Start of Available records

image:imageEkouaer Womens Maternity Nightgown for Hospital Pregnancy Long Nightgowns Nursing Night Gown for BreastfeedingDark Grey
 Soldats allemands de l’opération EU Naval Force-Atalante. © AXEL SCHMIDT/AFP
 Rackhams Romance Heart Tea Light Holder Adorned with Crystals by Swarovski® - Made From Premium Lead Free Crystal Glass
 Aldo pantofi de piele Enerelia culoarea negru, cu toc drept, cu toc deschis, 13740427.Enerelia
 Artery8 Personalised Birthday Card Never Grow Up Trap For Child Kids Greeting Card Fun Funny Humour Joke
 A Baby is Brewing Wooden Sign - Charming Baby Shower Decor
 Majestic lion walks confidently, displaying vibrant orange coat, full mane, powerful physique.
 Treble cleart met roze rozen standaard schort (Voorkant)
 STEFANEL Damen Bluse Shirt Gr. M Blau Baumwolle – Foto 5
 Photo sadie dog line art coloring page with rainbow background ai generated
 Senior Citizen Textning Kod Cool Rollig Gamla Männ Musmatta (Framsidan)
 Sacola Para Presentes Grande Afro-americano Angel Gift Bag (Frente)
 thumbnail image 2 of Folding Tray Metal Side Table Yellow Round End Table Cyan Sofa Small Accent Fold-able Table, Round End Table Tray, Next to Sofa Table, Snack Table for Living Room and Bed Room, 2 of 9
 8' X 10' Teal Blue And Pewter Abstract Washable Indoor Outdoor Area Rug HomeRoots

End of Available records

▶ **Required action**: Which lines in the data above hold the string "with"? Return each of them.

▶ **Result of this exercise**:
 Rackhams Romance Heart Tea Light Holder Adorned with Crystals by Swarovski® - Made From Premium Lead Free Crystal Glass
 Photo sadie dog line art coloring page with rainbow background ai generated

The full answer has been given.